Scraped caption text data:
#####
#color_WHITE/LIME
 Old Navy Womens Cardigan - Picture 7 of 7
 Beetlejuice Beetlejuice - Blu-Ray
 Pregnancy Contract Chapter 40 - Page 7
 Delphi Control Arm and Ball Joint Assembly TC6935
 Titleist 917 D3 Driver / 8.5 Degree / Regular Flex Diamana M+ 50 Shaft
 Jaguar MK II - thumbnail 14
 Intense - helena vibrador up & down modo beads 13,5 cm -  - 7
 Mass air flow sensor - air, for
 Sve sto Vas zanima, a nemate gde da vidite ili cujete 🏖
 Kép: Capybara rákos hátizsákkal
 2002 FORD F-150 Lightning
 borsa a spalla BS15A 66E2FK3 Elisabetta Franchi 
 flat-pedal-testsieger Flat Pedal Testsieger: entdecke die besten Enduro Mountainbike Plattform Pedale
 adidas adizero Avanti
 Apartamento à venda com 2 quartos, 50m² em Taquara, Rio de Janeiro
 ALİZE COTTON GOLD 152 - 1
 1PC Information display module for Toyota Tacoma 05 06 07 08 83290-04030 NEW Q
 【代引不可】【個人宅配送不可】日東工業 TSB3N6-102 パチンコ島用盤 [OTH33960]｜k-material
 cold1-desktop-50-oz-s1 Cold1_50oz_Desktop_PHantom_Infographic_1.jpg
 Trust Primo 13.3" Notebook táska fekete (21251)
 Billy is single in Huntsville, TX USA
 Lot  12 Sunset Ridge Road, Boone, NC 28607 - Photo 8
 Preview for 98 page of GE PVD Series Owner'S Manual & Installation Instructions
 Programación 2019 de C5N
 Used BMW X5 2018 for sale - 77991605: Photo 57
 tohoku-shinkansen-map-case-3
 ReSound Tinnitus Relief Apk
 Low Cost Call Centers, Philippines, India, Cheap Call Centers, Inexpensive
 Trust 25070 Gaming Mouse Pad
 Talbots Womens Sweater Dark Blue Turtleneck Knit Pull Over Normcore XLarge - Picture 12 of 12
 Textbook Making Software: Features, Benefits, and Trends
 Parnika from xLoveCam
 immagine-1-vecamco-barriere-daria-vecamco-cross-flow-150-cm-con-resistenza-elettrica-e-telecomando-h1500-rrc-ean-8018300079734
#####
#### [Task statement]
Your reply should be a verbatim retyping of the lines from the one that holds "tohoku-shinkansen-map-case-3" through the last line of the entries.

#### [Result of this task]
 tohoku-shinkansen-map-case-3
 ReSound Tinnitus Relief Apk
 Low Cost Call Centers, Philippines, India, Cheap Call Centers, Inexpensive
 Trust 25070 Gaming Mouse Pad
 Talbots Womens Sweater Dark Blue Turtleneck Knit Pull Over Normcore XLarge - Picture 12 of 12
 Textbook Making Software: Features, Benefits, and Trends
 Parnika from xLoveCam
 immagine-1-vecamco-barriere-daria-vecamco-cross-flow-150-cm-con-resistenza-elettrica-e-telecomando-h1500-rrc-ean-8018300079734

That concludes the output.